With the upcoming renewal of our TB tests, I thought this article was appropriate. Mycobacterium tuberculosis (Mtb) infects one-third of the world’s population and accounted for 1.5 million deaths in 2013. Recently, first line treatments of TB are decreasing as multidrug-resistant strains are increasing worldwide. Therefore it is imperative to begin researching how to alter and modify our current treatments to combat drug-resistant strains. Fluoroquinolone antibacterials, such as our top drug ciprofloxacin, target DNA gyrase and are used to treat tuberculosis. DNA gyrase alters the coiling of DNA by breaking its strands and then resealing them. Quinolones work by targeting tuberculosis gyrase and preventing the resealing of the DNA, therefore causing the bacteria to die.
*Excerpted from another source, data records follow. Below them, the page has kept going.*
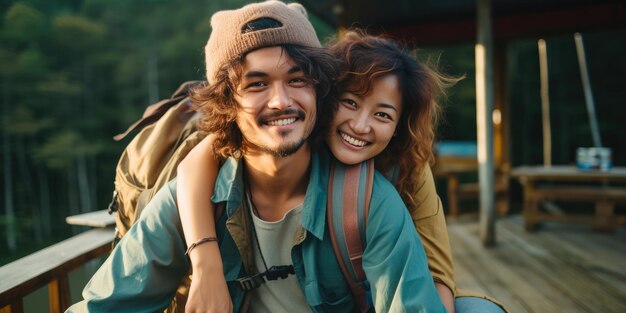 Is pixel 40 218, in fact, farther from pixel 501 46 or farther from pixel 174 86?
pixel 501 46

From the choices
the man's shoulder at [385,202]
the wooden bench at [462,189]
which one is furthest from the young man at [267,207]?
the wooden bench at [462,189]

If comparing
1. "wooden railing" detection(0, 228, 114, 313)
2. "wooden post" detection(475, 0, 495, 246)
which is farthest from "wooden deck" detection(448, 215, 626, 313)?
"wooden railing" detection(0, 228, 114, 313)

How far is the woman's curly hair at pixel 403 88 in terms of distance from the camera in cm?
136

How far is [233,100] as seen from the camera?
129 cm

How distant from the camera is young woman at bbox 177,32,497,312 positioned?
4.17 ft

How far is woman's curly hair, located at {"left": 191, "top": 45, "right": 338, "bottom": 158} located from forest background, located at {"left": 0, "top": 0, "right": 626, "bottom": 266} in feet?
43.3

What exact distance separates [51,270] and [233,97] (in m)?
0.85

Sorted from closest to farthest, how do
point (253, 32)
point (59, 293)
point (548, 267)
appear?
point (253, 32) < point (59, 293) < point (548, 267)

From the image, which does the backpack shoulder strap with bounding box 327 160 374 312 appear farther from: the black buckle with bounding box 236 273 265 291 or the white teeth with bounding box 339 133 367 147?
the black buckle with bounding box 236 273 265 291

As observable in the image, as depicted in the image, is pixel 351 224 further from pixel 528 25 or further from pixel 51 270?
pixel 528 25

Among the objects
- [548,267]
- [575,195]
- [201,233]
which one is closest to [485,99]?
[548,267]

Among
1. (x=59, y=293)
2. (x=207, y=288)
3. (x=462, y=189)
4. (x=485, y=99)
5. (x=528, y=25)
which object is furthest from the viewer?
(x=462, y=189)

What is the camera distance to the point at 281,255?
4.24 feet

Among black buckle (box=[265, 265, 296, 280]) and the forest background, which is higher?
the forest background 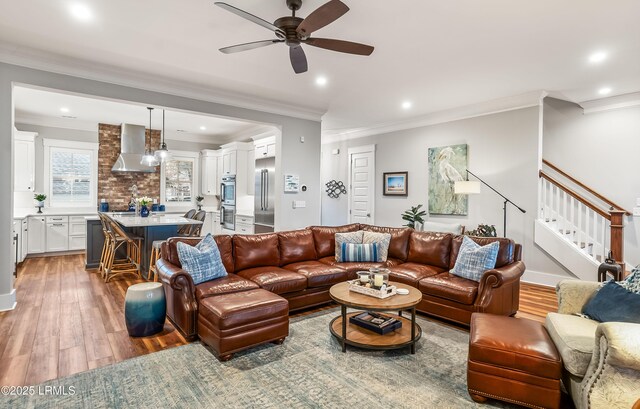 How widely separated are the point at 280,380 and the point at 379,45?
3.22 metres

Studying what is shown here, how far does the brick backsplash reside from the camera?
304 inches

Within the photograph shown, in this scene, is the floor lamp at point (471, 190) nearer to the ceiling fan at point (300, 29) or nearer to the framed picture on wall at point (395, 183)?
the framed picture on wall at point (395, 183)

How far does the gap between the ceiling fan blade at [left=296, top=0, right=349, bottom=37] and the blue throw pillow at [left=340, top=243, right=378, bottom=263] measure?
2680 millimetres

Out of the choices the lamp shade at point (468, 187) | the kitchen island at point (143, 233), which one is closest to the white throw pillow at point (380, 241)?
the lamp shade at point (468, 187)

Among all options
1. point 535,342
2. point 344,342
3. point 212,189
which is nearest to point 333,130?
point 212,189

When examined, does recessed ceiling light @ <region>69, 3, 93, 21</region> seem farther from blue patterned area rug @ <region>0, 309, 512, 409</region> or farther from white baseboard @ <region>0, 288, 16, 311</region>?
white baseboard @ <region>0, 288, 16, 311</region>

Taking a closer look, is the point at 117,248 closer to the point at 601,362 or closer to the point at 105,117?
the point at 105,117

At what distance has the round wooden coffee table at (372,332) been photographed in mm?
2729

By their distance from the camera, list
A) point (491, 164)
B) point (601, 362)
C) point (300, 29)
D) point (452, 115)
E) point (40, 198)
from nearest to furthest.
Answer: point (601, 362), point (300, 29), point (491, 164), point (452, 115), point (40, 198)

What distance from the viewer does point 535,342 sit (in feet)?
6.97

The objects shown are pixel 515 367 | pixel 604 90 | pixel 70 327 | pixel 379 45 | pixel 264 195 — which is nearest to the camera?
pixel 515 367

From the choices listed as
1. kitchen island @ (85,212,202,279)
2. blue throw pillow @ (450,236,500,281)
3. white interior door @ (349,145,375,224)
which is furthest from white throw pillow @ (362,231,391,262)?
white interior door @ (349,145,375,224)

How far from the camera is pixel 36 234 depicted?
22.2ft

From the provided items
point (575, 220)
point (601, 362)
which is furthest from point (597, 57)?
point (601, 362) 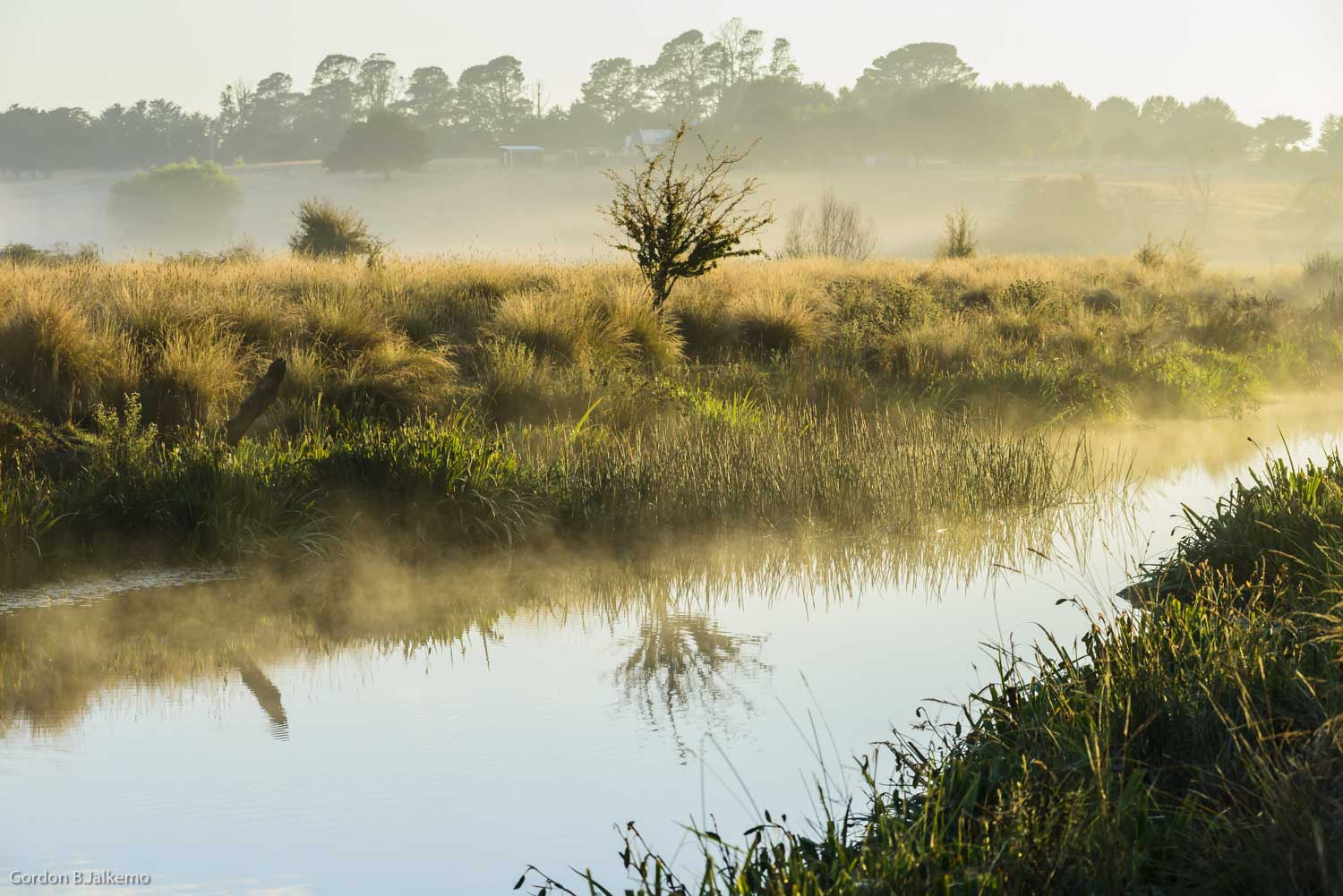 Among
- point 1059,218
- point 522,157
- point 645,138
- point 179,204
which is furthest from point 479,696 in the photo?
point 522,157

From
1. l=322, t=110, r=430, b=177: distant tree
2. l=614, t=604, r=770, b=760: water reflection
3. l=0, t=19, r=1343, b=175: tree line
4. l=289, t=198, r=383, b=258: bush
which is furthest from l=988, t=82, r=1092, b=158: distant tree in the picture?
l=614, t=604, r=770, b=760: water reflection

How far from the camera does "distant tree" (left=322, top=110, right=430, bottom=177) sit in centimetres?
9362

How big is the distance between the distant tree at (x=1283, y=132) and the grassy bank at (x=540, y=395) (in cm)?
10109

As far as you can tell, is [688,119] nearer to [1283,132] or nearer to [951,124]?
[951,124]

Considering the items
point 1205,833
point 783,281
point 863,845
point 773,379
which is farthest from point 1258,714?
point 783,281

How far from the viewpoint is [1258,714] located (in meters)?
3.88

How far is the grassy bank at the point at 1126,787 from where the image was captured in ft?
10.1

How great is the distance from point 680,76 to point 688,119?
358 centimetres

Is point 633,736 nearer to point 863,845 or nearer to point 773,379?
point 863,845

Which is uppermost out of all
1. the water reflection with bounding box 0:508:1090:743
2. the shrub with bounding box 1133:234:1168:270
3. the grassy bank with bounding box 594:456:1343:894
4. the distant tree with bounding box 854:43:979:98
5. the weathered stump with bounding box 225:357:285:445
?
the distant tree with bounding box 854:43:979:98

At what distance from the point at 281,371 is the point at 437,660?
4.08 meters

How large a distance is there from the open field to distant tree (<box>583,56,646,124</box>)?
10.5 m

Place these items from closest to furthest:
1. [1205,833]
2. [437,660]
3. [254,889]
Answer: [1205,833], [254,889], [437,660]

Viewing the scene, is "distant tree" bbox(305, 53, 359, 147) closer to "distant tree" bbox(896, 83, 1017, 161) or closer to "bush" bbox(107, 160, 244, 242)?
"bush" bbox(107, 160, 244, 242)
In this study, researchers used x-ray crystallography to generate 3-D models of how TB’s gyrase interacts with various drugs. Through this modeling, researchers have discovered two different sites where drugs could potentially interact. However, they found that current drugs only interact with one of the sites, revealing the untapped potential of the other site, or even the possibility of altering current drugs to interact with both sites at once, therefore decreasing the risk of the bacteria developing resistance. Because of this study, researchers have more information on how quinolones work and have a direction to focus their attention on in an attempt to fight tuberculosis antibiotic resistance.
Blower TR, Williamson BH, Kerns RJ et al. Crystal structure and stability of gyrase-fluoroquinolone cleaved complexes from mycobacterium tuberculosis. PNAS. 2016; published ahead of print January 20, 2016.